The report emphasizes that under martial law, Ukraine must strike a balance between transparency and security, as some information remains temporarily undisclosed for national security reasons. The main challenges concern the strengthening of practical implementation and enforcement of legislation.
It should be recalled that the assessment focused on Ukraine’s anti-corruption and integrity system across nine key areas: Anti-corruption policy, Conflict of interest and asset declarations, Whistleblower protection, Business integrity, Transparency in public procurement, Judicial independence, Independence of the prosecution service, Specialized anti-corruption institutions, and Liability for corruption offenses.
A distinctive feature of the fifth round was the use of performance indicators defined in the Monitoring Methodology. The assessment of these indicators is based on compliance criteria aligned with international standards and best practices, and also takes into account the recommendations provided by the OECD during the previous monitoring round. This evaluation system ensures objectivity, consistency, and transparency of conclusions.
Information on Ukraine’s progress in the areas of anti-corruption policy, conflict of interest and asset declarations, as well as whistleblower protection, is available on the NACP website.
The full text of the report from the fifth round of monitoring under the Istanbul Anti-Corruption Action Plan is available via the provided link.
Background: The OECD Anti-Corruption Network for Eastern Europe and Central Asia (ACN) is a regional program of the OECD Working Group on Bribery, established in 1998. Its mission is to support member countries in preventing and combating corruption through country reviews, practitioner networks, and tailored technical assistance.
The Istanbul Anti-Corruption Action Plan is a regional peer review program launched in 2003 within the ACN framework. It supports reforms by analyzing and monitoring the implementation of recommendations that promote international best practices and standards.
The Action Plan covers ten participating countries of the OECD Anti-Corruption Network: Ukraine, Armenia, Georgia, Kazakhstan, Kyrgyzstan, Moldova, Mongolia, Tajikistan, Azerbaijan, and Uzbekistan. Ukraine joined the program in 2003 and has undergone five monitoring rounds. All previous reports are available on the ACN website.

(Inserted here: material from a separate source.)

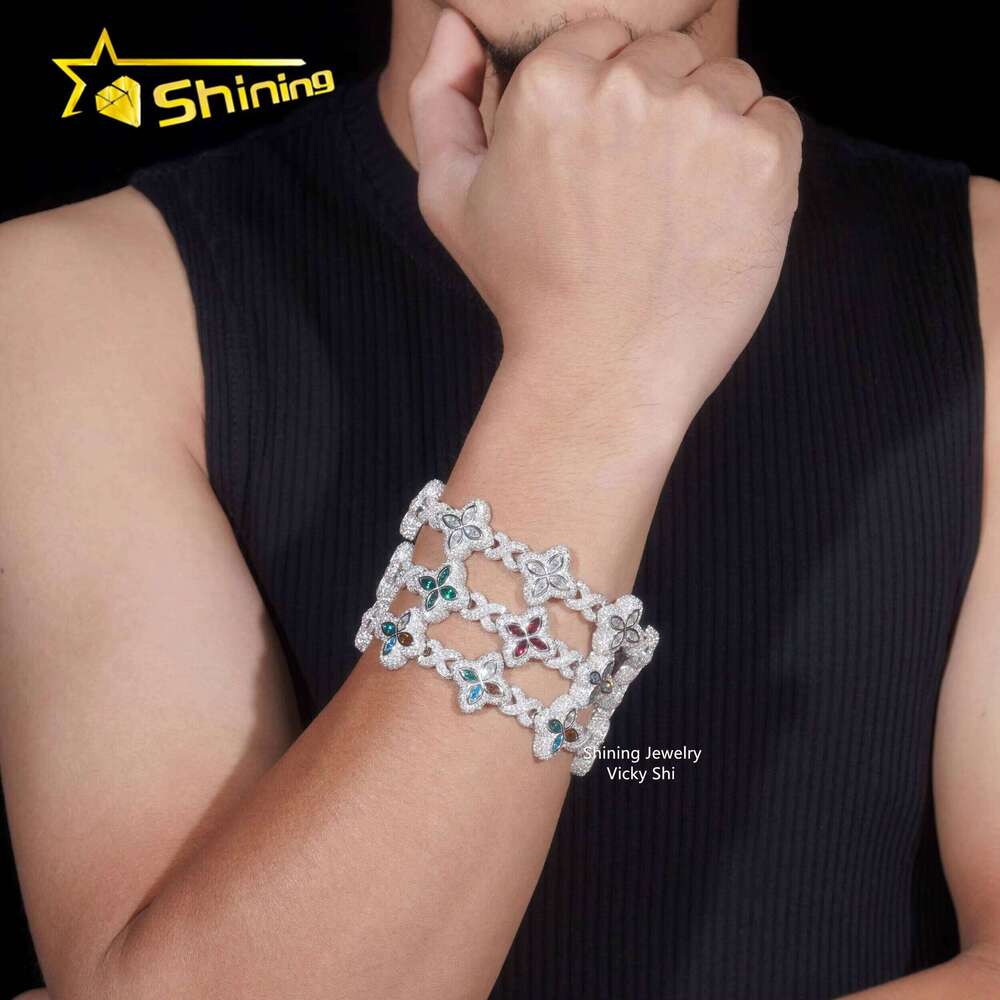 Men's Trendy Pure Sier Iced Hip-Hop Infinity Clover Silicon Stone Cuban Bracelet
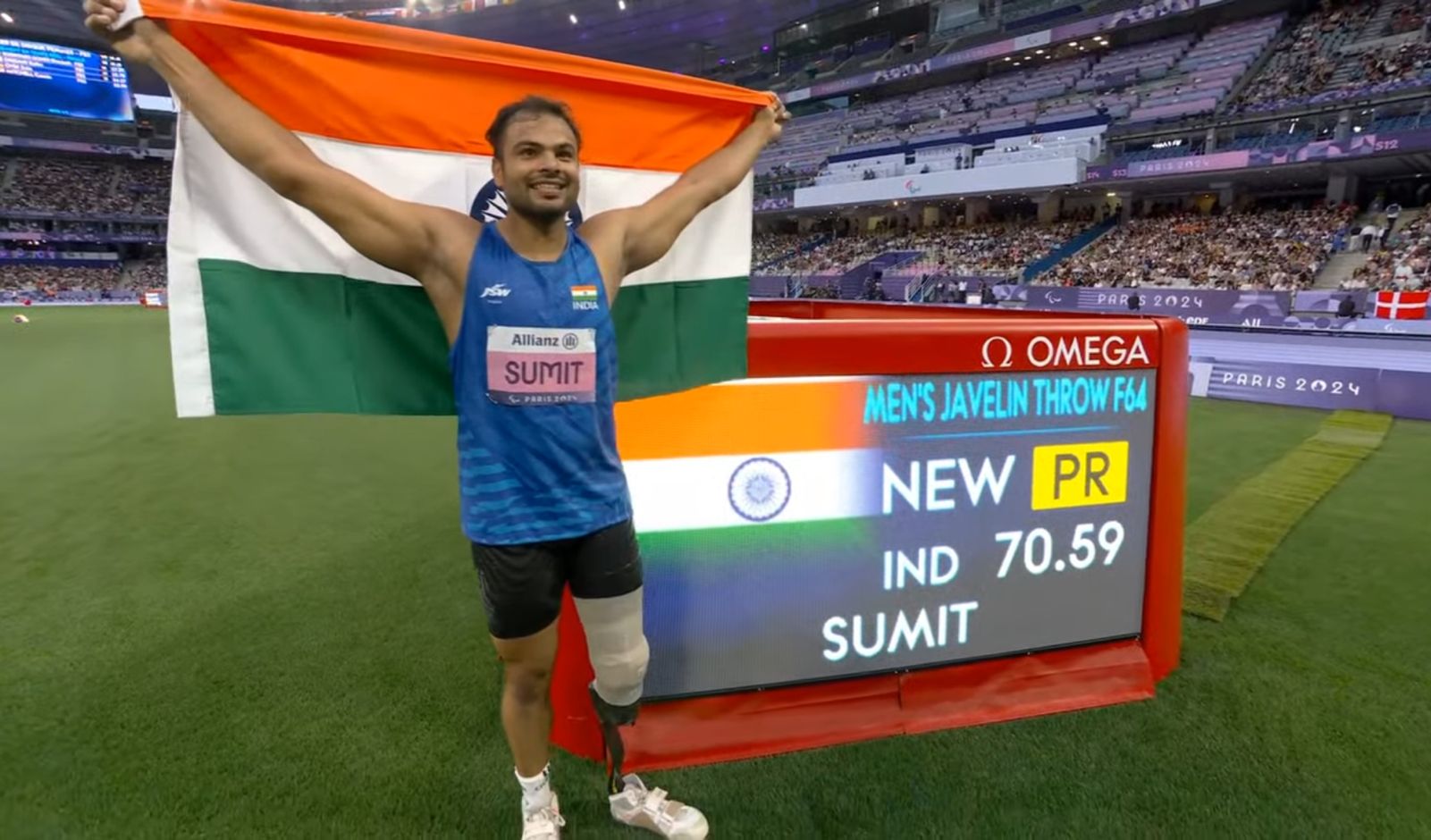 Sumit Antil Shatters Records, Retains Gold in Men's Javelin Throw at Paris Paralympics 2024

In March 2024, the OECD published the Report on Anti-Corruption Reforms in Ukraine following the fifth monitoring round under the Istanbul Action Plan. During 2023, Ukraine underwent a shortened review covering five of the nine areas: Anti-corruption policy, Asset declarations, Judicial independence, Specialized anti-corruption institutions, and Liability for corruption offenses. The report confirmed that Ukraine has made substantial progress in various areas of anti-corruption reform and integrity building.